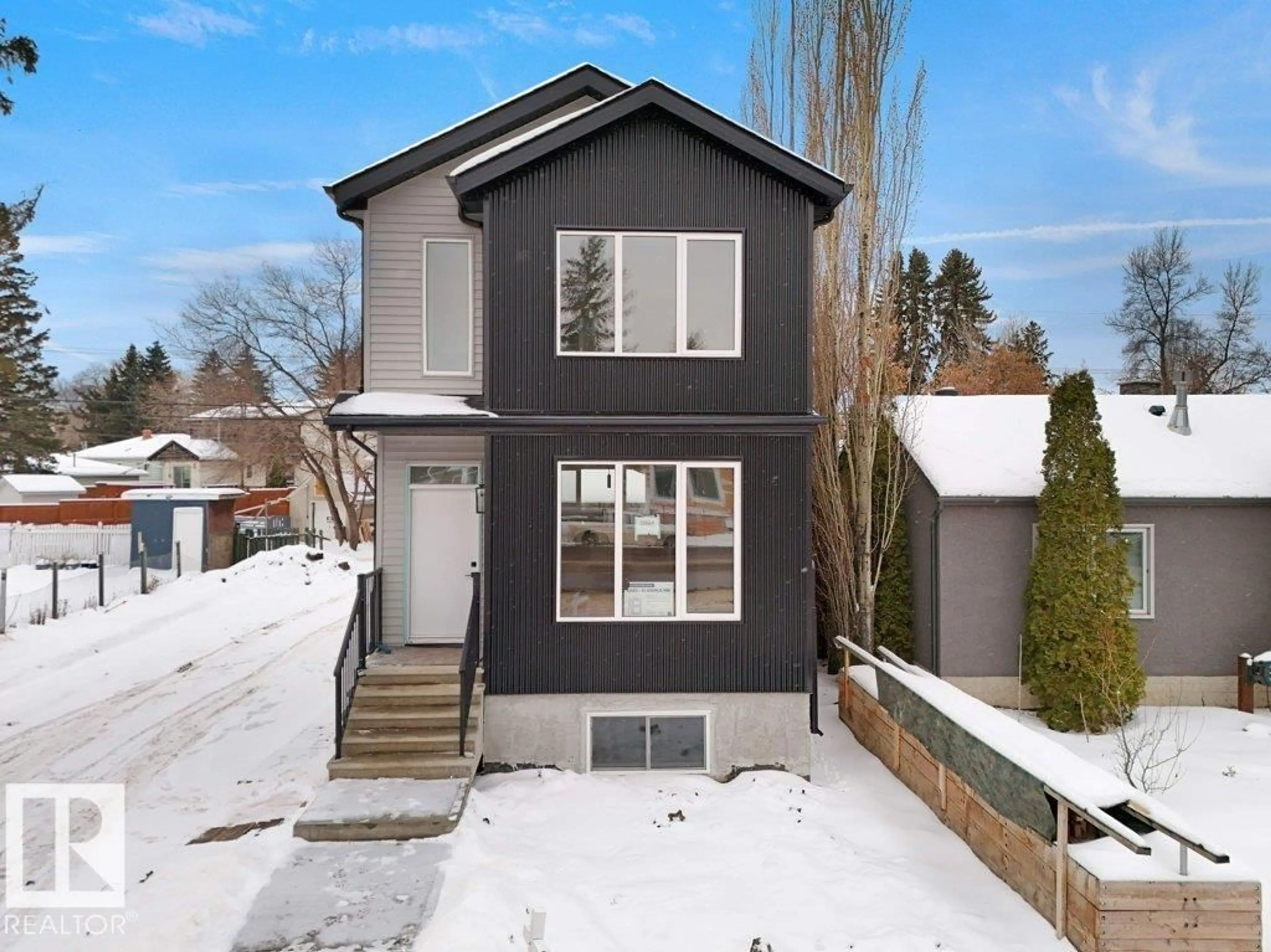 Home with vinyl exterior material, street for 10663 61 AV, Edmonton Alberta T6H1L8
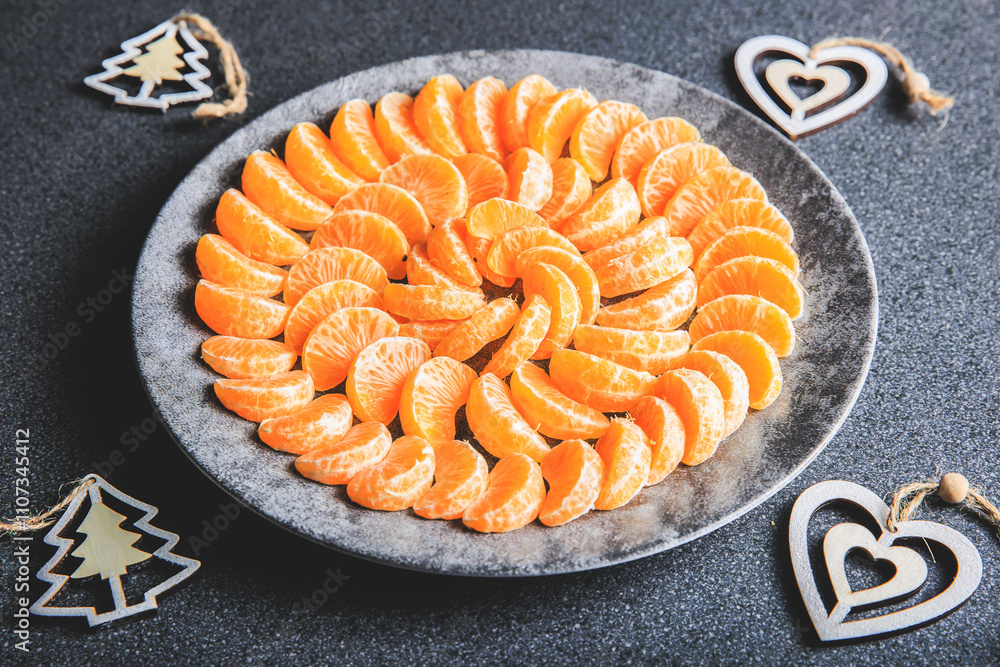 plate of clementine wedges arranged in a circle with christmas decoration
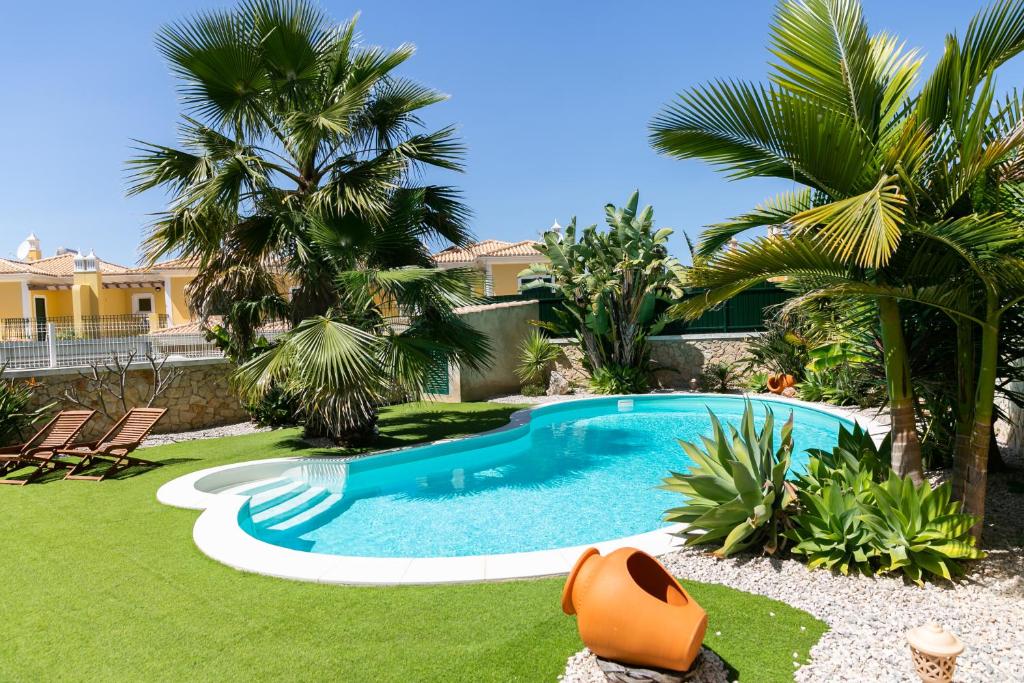 - une piscine dans une cour avec des palmiers dans l'établissement Dream villa with private pool, à Algoz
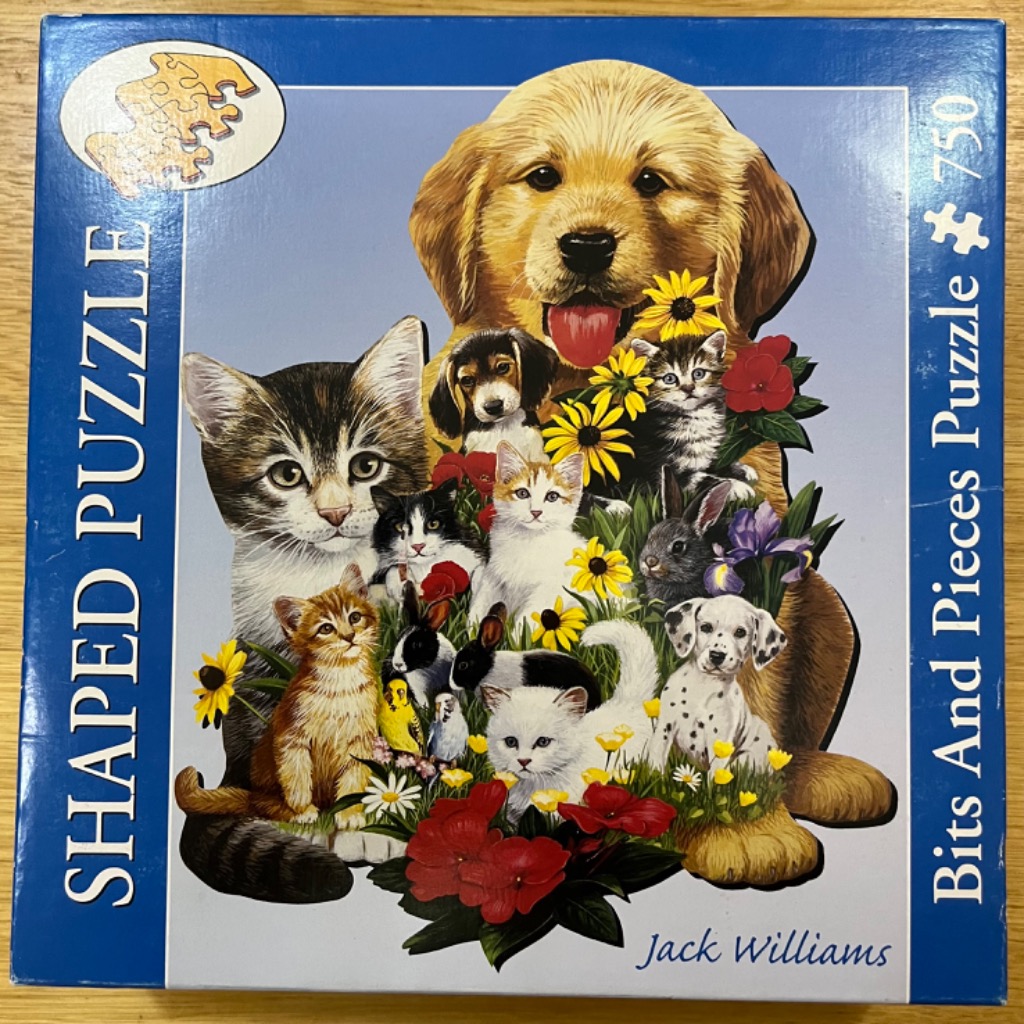 A collection of various puppies, kittens, and small animals nestled among colorful flowers.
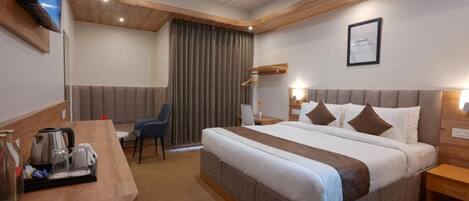 Habitación de hotel con una cama grande, un escritorio con cafetera, una silla y un televisor montado en la pared.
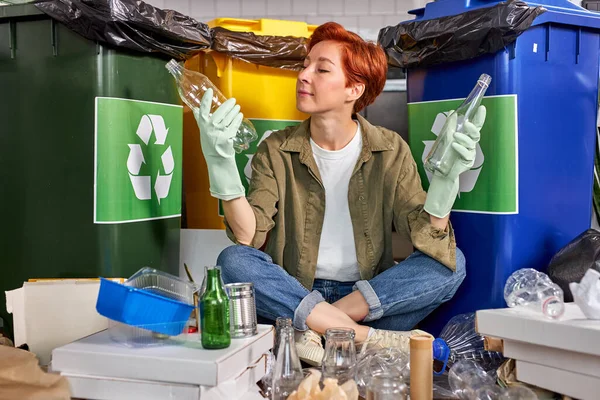 Feminino triagem de lixo na lata de lixo. Mulher está jogando fora garrafas — Fotografia de Stock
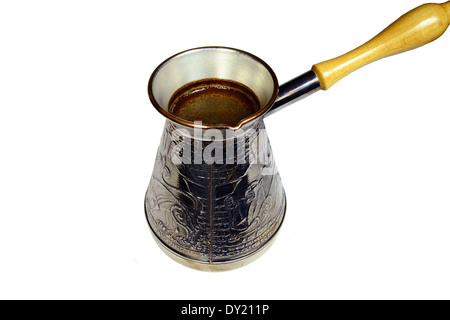 turkish coffee brewing pot isolated on white background Stock Photo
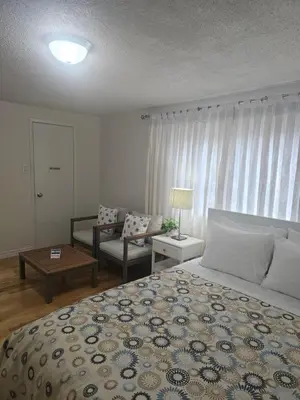 a bedroom with a large bed and a living room at 3-Bed 3-Bath Cozy Vacation House in Ajax, Greater Toronto Area, ON, Canada in Ajax
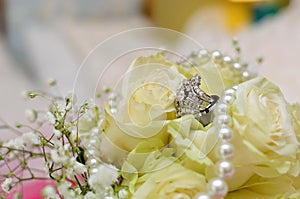 Wedding Ring on White Roses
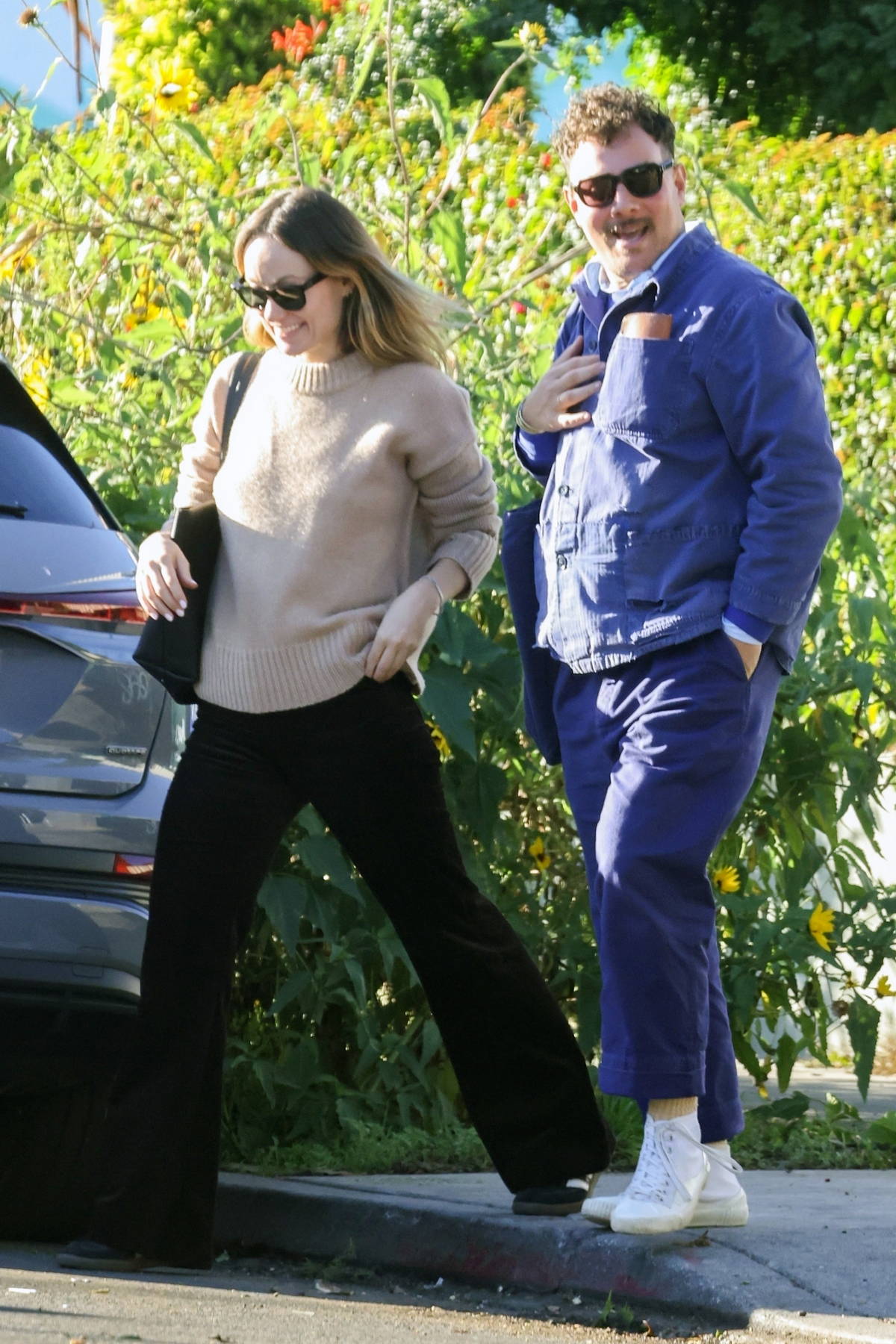 Olivia Wilde looks casually chic in a beige sweater and flared corduroy  pants while stepping out for lunch with a friend in Los Feliz,  California-110124_7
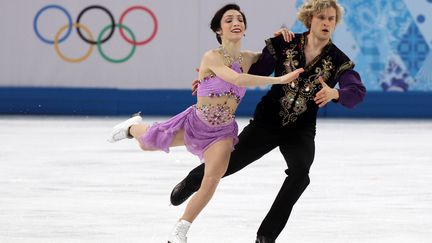 Charlie White et Meryl Davis lors de leur sacre olympique à Sotchi en 2014 (POOL / KMSP)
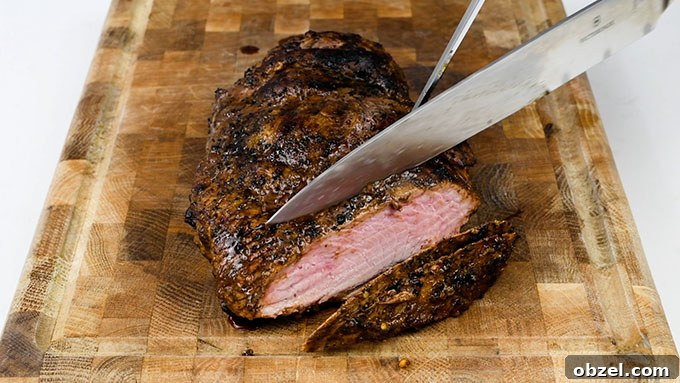 Marinated BBQ Boneless Leg of Lamb Recipe 10 Slicing BBQ boneless leg of lamb on a wooden board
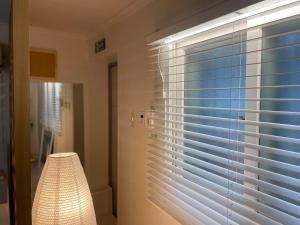 a window with blinds in a room with a lamp at Konkuk College of Art residence 2 in Seoul +10 photos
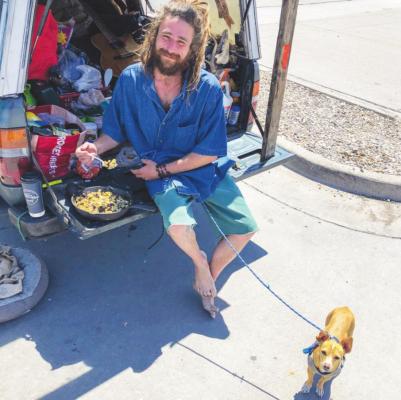 A man who introduces himself as Spiral Staircase reclines for some eggs with his dog Potato. The barefoot wanderer was also accompanied by his wife Toast. Photo by Jeremy Gonzalez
__________________________________________________
Work item → Give the listing above again in its entirety and exactly; do not include the pictures.

Written response →
 Home with vinyl exterior material, street for 10663 61 AV, Edmonton Alberta T6H1L8
 plate of clementine wedges arranged in a circle with christmas decoration
 - une piscine dans une cour avec des palmiers dans l'établissement Dream villa with private pool, à Algoz
 A collection of various puppies, kittens, and small animals nestled among colorful flowers.
 Habitación de hotel con una cama grande, un escritorio con cafetera, una silla y un televisor montado en la pared.
 Feminino triagem de lixo na lata de lixo. Mulher está jogando fora garrafas — Fotografia de Stock
 turkish coffee brewing pot isolated on white background Stock Photo
 a bedroom with a large bed and a living room at 3-Bed 3-Bath Cozy Vacation House in Ajax, Greater Toronto Area, ON, Canada in Ajax
 Wedding Ring on White Roses
 Olivia Wilde looks casually chic in a beige sweater and flared corduroy  pants while stepping out for lunch with a friend in Los Feliz,  California-110124_7
 Charlie White et Meryl Davis lors de leur sacre olympique à Sotchi en 2014 (POOL / KMSP)
 Marinated BBQ Boneless Leg of Lamb Recipe 10 Slicing BBQ boneless leg of lamb on a wooden board
 a window with blinds in a room with a lamp at Konkuk College of Art residence 2 in Seoul +10 photos
 A man who introduces himself as Spiral Staircase reclines for some eggs with his dog Potato. The barefoot wanderer was also accompanied by his wife Toast. Photo by Jeremy Gonzalez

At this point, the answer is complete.